Frankly, I haven't much to say about this book, a collection of Cinderella stories from around the world. I am trained to read works of literature, and what this book offers, for the most part, are oral tales transcribed. In other words, most of these stories are not "literary tales." I ought to like this book because I spend much of my time telling tales I have heard but not read. In fact, one of the stories I tell is a version of "Cinderella" called "Molly Mop-Top," and it resembles the Grandmother's version of the story in "Cinderella in Tuscany." I heard it told in North Carolina in 1985. But I deviate from the task at hand which is to respond to Neil Philip's THE CINDERELLA STORY. My response is to the ingredients of the various stories, and what I like about these is their uncompromising bluntness, even their brutality. As Cinderella makes her various rounds from continent to continent and country to country, one thing remains constant: the folk versions do not conform to what we think of as children's stories.

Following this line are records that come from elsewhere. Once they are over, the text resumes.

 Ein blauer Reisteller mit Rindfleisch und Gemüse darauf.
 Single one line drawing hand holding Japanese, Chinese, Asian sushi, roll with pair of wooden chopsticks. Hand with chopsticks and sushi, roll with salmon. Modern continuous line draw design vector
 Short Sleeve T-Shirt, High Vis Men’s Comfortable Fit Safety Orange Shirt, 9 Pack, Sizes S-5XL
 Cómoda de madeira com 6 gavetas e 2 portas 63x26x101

The first story in the book is the prototype for all modern versions of the tale written for children. It is Perrault's "Cendrillon, or, the Little Glass Slipper." This is the easiest version for me to respond to because it is a literary version. Perrault's wit and irony reflect his position in the French court of the late seventeenth century. Clearly, he has fun with female vanity, evident for example in "two-layered head-dresses" and "beauty spots." Even Cinderella comes in for this male smirk; she is vain. For one thing she never gets bored hearing the Prince speak "sweet nothings" all night long. In addition, Perrault winks at his fellow courtiers with the vulgarism, "Cinderbutt," and he implies that the ball is part of a sexual ritual. In true sexist fashion, he tells his reader that what a female requires is not intelligence, wit, cunning, or education, but rather "charm." I can appreciate the fun in this story, but I do not, in the final analysis, like it. I regularly avoid it when I teach the fairy tale.

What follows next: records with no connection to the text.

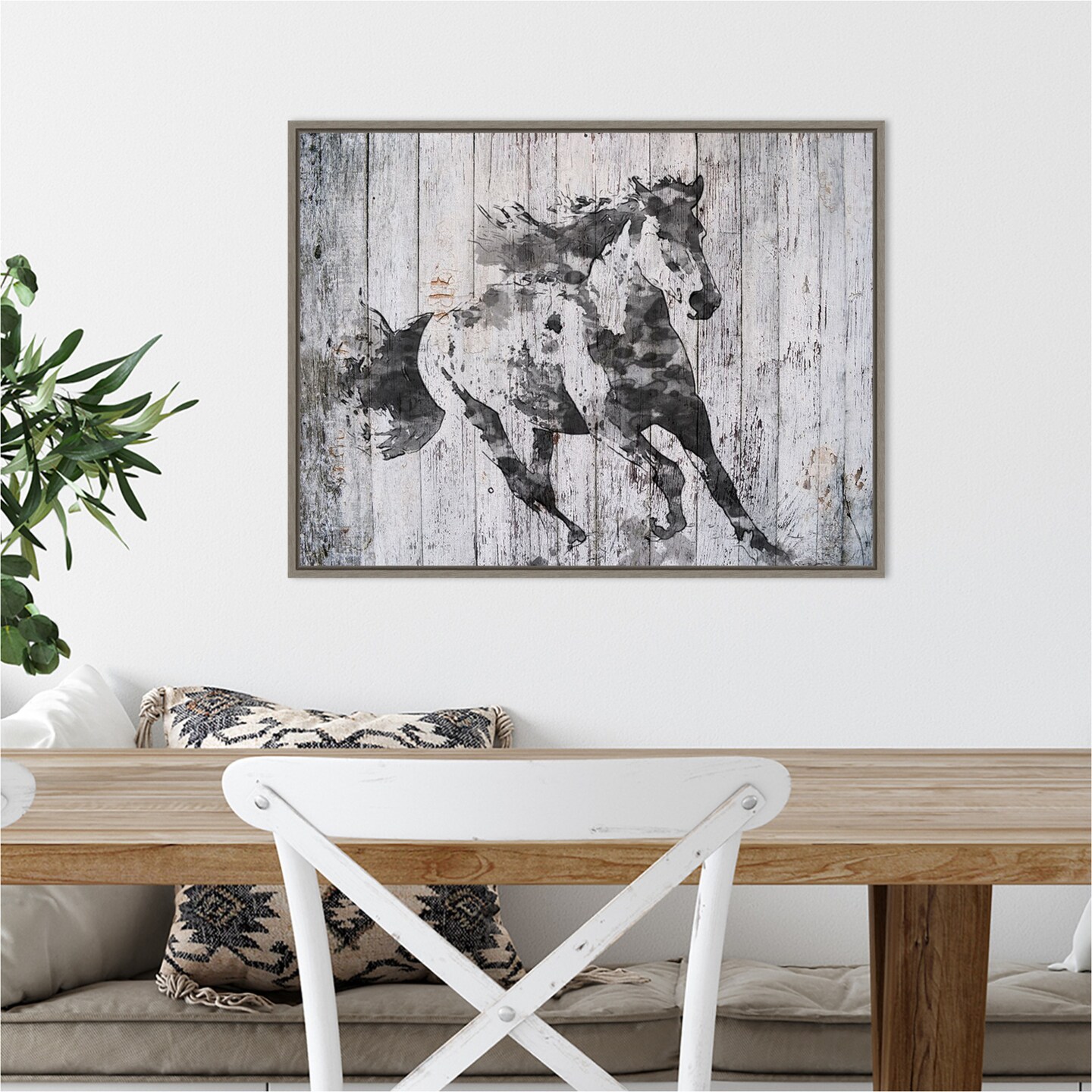 Running Black Horse by Irena Orlov 24-in. W x 18-in. H. Canvas Wall Art Print Framed in Grey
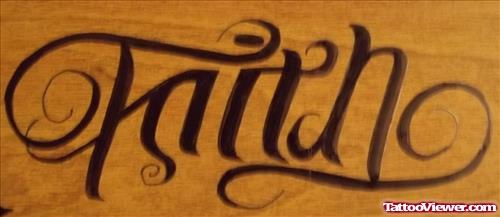 Stylish Faith Ambigram Tattoo Design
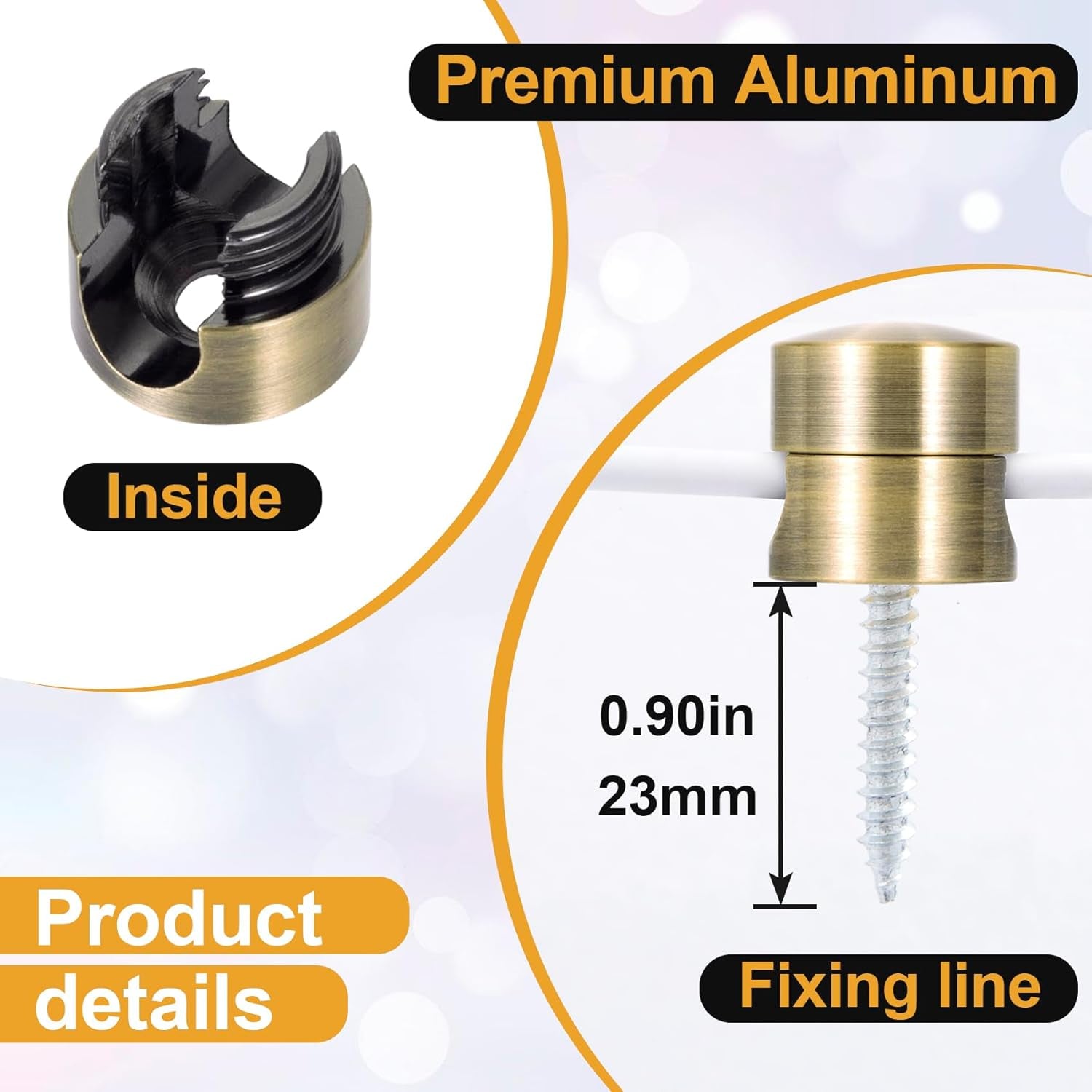 3Pcs Aluminum Cable Anchors - Gun Metal Adjustable Cord Holder, Heavy-Duty Adhesive Wire Organizer for Desk & Nightstand, Pro Charger Cable Management Clips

Despite the fact that most of the other stories in the book disarm my critical faculties, I like them. I like them because they reveal just how basic this story is. Versions here deal openly with such things as child abuse, as it manifests itself in incest, in abandonment, and in violent treatment of the child, in cannibalism, in relationships between humans and animals, in greed, envy, care, and selfish desire. Females and males fit into the Cinderella plot, and this ought to remind us that the folk tale is not, necessarily at least, sexist in the way Perrault's tale is. Not all stories end happily. In short, despite all the fantastic goings on in these stories--a child born with a snake about its neck, a cow with small golden slippers near her heart, a girl who turns into a golden turtle, and so on--the world they depict is starkly realistic. Frankly, I can't imagine telling many, maybe even any, of these stories, but they do tell me a lot about the folk mind. And the folk mind is, after all, the mind of us all.
Take one story as an example: the Brazilian story, "Dona Labismina." The mother's wish for a child, even if this child is a snake, is extreme, but it does capture the intensity of the woman's desire to give birth. What might be more surprising is the story's turn of events: the mother does indeed give birth to a snake (this brings to mind E.B. White's STUART LITTLE in which Mrs. Little gives birth to a mouse). I take it that the child with the snake about its neck is shorthand for twins or for the familiar doubling in folk tales, that is, a good mother is balanced by a bad mother (usually called a step-mother, sometimes called a witch), or for the child's presexual protection from violation. The snake remains with the child until "she became a young woman." In other words, with maturity the female child loses the direct protection of the snake. The snake's name, Labismina (cf. labia minora and labia majora--tissue related to the vulva), seems to suggest a sexual metaphor. Maria, the other sister, confronts danger after her mother dies. The danger is incest; her father chooses her as his next bride. For protection and advice, Maria turns to Labismina. Labismina advises her sister to ask for three dresses, each one related to a different element--one to earth, one to water, and one to air. The King provides the dresses, but Marian flees on a ship provided by her sister. The second half of the story now ensues, and the prince replaces the father. The dresses and Labismina's assistance ensure Maria of the Princes's love. The Prince, significantly, throws a jewel (perhaps related to the fourth element, fire) into Mria's lap, and it is this jewel that identifies her as the girl he loves. Whereas Maria's early sexuality was serpentine, her mature sexuality is gemlike. This might explain why she forgets her sister, the snake. Perhaps, as in Grimm's "The Frog Prince," Maria moves from premature, immature, and unpleasant sexualty, to healthy and mature sexuality. This story might reflect the way primitive people help their children make the transition from childhood to maturity.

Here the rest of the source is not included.